Apologétique

Chapitre XLII

On nous fait encore un autre reproche. On prétend que nous sommes des membres inutiles à l’État. – Comment cela, de grâce ? Nous vivons au milieu de vous, nous avons la même nourriture, les mêmes vêtements, les mêmes meubles, les mêmes besoins. Nous ne sommes point des brachmanes, des gymnosophistes de l’Inde qui nous enfoncions dans les forêts et nous bannissions de la vie. Nous ne manquons jamais de payer à Dieu le tribut de reconnaissance qui lui est dû comme au maître et au Créateur de l’univers. Pas une œuvre de ses mains que nous rejetions. Seulement, nous sommes en garde contre l’excès et contre l’abus.
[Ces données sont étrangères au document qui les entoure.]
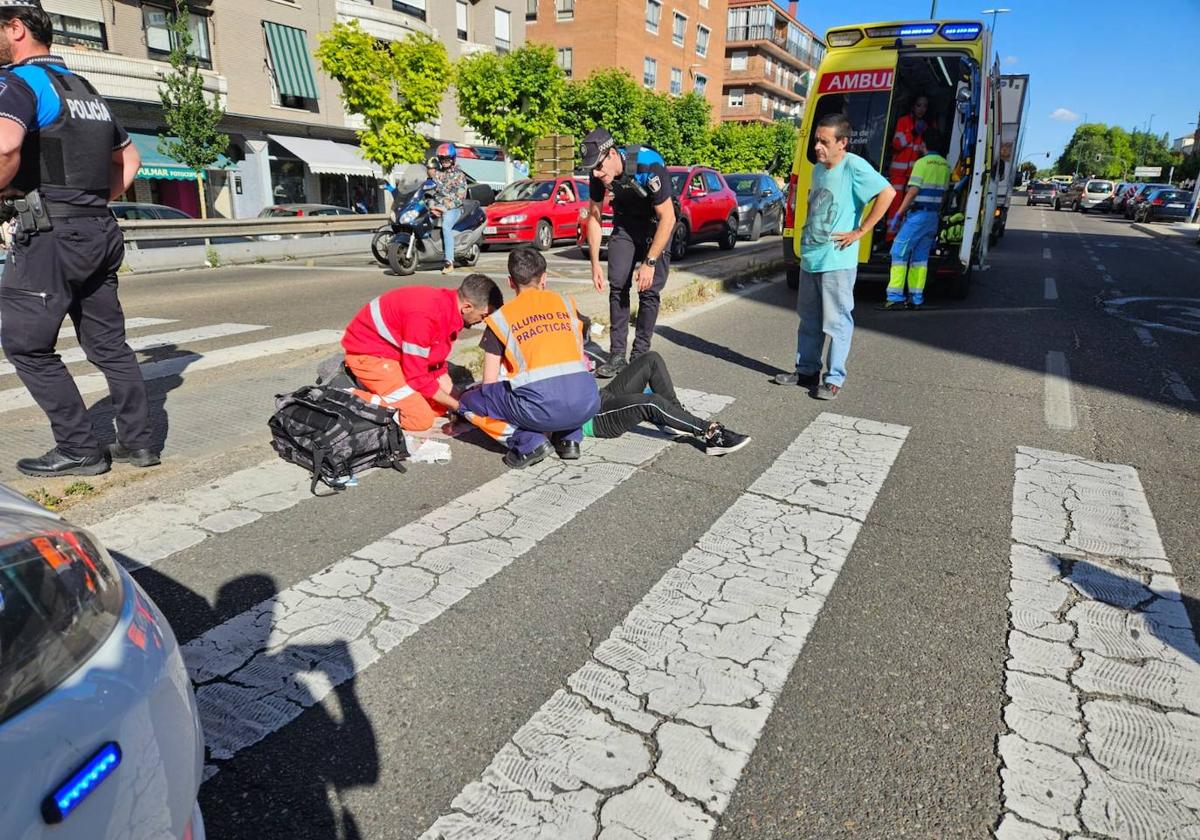 La mujer es atendida por las emergencias.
Jetés avec vous dans toutes les nécessités de la vie, comme vous, nous fréquentons le Forum, les marchés, les bains, les foires, les boutiques, les hôtelleries. Nous naviguons avec vous, nous portons les armes, nous cultivons la terre, nous trafiquons, nous exerçons par conséquent les mêmes arts, nous louons nos bras pour votre usage. Que l’on m’explique donc à quel titre nous sommes inutiles à l’État, quand nous ne vivons qu’avec vous et pour vous ?

Si je n’assiste point à vos cérémonies, en suis-je moins homme ces jours-là ? Je ne me baigne point durant les nuits des Saturnales, pour ne pas perdre et le jour et la nuit ; mais je ne m’en baigne pas moins à une heure convenable, qui ne puisse me glacer le sang, et sans risque pour ma santé. Il sera bien assez temps après ma mort d’être pâle et raide au sortir de l’eau. Je ne mange point en public aux fêtes de Bacchus, pareil à ces gladiateurs condamnés aux bêtes, qui font leur dernier repas : mais, quelque part que je mange, on me sert les mêmes aliments qu’à vous. Je n’achète point de couronnes de fleurs, mais j’achète des fleurs. Que vous importe pour quel usage ? Je les aime mieux libres et flottantes, que captives dans un bouquet, ou courbées en couronnes. Les couronnes même, je les approche du nez. J’en demande pardon à ceux qui ont leur odorat dans les cheveux. Nous n’allons point à vos spectacles ; mais quand j’ai envie de ce qui s’y vend, je l’achète plus volontiers sur la place publique. Nous n’achetons pas d’encens, il est vrai : si les Arabes s’en plaignent, les Sabéens répondent, en revanche, qu’ils nous vendent leurs aromates à un plus haut prix et en plus grande quantité pour ensevelir nos morts, que vous n’en perdez à enfumer vos dieux.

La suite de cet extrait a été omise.